Terraform is my favorite tool for infrastructure building and managing. Although I use it mostly for the vSphere and vCloud Director environments (you can see more here), I know that I am far from making full use of it. Hashicorp project is growing so fast, there are some problems with scalability. Moreover, as Hashicorp wrote on their blog, Providers maintaining is quite hard because of their number. Hence decision about separating Providers from the Terraform core. This change will be applied in the 0.10.0-beta1 version of Terraform. This move will help developers not associated with the Hashicorp. No more conflicts with another Providers and core, because Providers will have each own GitHub repository too!
What will be changed?
Now, Terraform is provided as one binary file, and the code is stored in the one repository on the GitHub – Hashicorp/Terraform. Since 0.10.0-beta1 version there will be a separate repository for each Provider. You can find them just now at the Terraform Providers profile on GitHub. So as you can see, separating Providers from the Terraform core is not only the internal change, but it affects the code management of the whole project too. It means that every Provider plugin will be versioned separately, so it is possible to release Providers independently. This is very good news, especially for developers!
What does it mean for the regular user?
The best answer for this question is the project owner explanation. In the Terraform changelog we can see that:
Terraform providers are no longer distributed as part of the main Terraform distribution. Instead, they are installed automatically as part of running terraform init. It is therefore now mandatory to run terraform init before any other operations that use provider plugins, to ensure that the required plugins are installed and properly initialized.

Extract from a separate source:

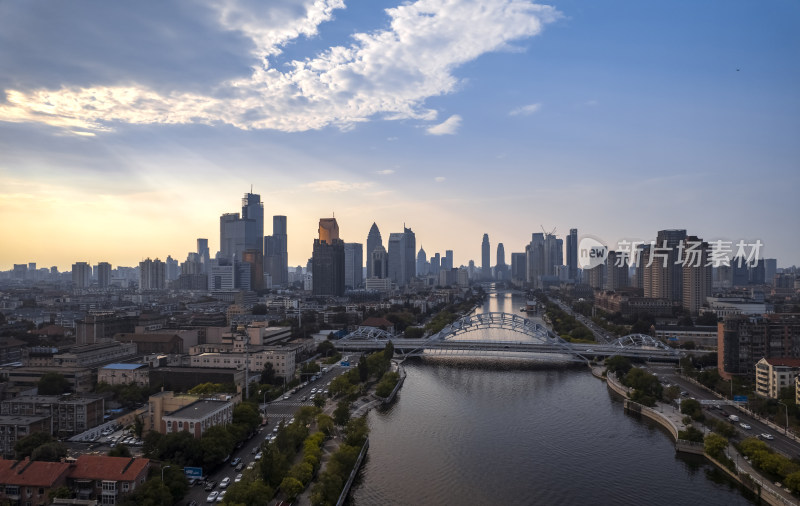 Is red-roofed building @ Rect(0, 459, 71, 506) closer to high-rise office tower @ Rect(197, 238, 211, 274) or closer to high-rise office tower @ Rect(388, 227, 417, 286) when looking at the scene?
high-rise office tower @ Rect(388, 227, 417, 286)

So since 0.10.0-beta1 version, you will have to initialize working directory first, before you can use Terraform. This command is used to initialize and configure Terraform with such options like backends, state locking and now also providers managing. Moreover, Hashicorp will introduce a new subcommand, terraform providers, which shows information about configured providers.

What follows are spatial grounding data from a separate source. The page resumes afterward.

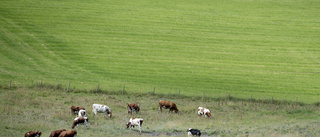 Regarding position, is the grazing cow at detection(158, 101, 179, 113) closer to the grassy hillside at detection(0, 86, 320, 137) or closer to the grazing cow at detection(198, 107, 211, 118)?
the grassy hillside at detection(0, 86, 320, 137)

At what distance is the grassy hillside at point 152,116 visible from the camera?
81.0 feet

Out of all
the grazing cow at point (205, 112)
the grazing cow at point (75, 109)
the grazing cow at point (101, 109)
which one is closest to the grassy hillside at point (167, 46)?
the grazing cow at point (205, 112)

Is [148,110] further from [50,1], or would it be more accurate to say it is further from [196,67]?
[50,1]

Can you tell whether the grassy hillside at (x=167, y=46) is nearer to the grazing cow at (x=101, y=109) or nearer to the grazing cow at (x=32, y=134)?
the grazing cow at (x=101, y=109)

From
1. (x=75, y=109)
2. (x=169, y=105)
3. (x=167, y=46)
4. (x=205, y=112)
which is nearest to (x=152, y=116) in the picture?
(x=169, y=105)

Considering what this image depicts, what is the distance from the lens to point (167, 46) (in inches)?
2253

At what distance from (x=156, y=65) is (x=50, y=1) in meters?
29.8

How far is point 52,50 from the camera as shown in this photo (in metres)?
53.4

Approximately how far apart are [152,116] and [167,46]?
27.6 m

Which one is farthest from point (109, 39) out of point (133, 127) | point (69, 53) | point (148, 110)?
point (133, 127)

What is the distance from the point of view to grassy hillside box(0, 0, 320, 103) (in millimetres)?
45344

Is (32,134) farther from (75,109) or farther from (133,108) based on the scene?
(133,108)

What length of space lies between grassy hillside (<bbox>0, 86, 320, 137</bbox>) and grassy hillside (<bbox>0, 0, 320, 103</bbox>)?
15.5 feet

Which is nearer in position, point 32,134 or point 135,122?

Also, you won’t have to download a huge binary file with every Provider contained in it. If you don’t need some Providers, just don’t install them. Simple, doesn’t it? I know it’s not the critical change right now (Terraform 0.9.8 binary file is 126 MB), but it’s always better to have smaller binaries. 🙂
I hope that the most important change for the regular users would be more frequently Providers releases. It means I hope these releases would appear more frequently. 🙂 We all know how it looks now. Every Provider depends on the other Providers and of course on the core of the Terraform. Also, it’s hard to manage the permissions to the repository. Separating Providers from the Terraform core allows increasing the collaborators’ number. Instead, it can help with the faster plugins developing.

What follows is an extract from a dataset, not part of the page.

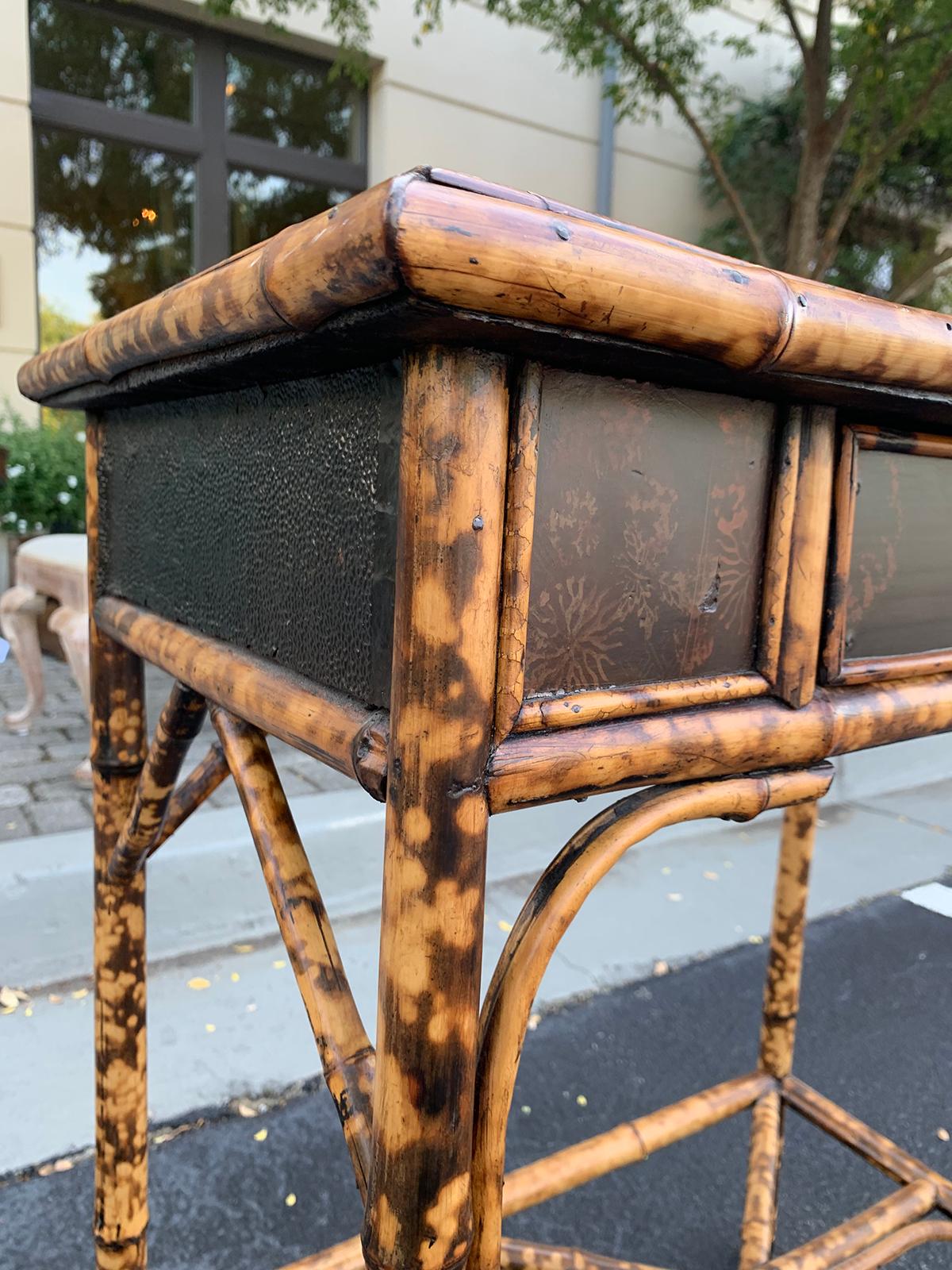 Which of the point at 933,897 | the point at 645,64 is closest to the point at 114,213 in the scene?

It is definitely good news. Separating Providers from the Terraform core means that the whole project is evolving and its owners have a long-term strategy.
What about issues and Pull Requests?
This information is mostly for developers. Hashicorp is trying to automate the whole separation process, even on the GitHub. Unfortunately, not everything can be migrated automatically. What was (or is still being processed) made:
- creating new repositories for the Terraform Providers,
- separating Terraform Providers and code migration to the new repositories,
- migrating issues to the appropriate Provider repository.
Pull Requests cannot be migrated due to its nature. New repositories have another scheme, another directories tree etc. So if you have any open Pull Requests, you must create a new one. Of course, Hashicorp said they would help with migration, but if you can do it now, it would be great.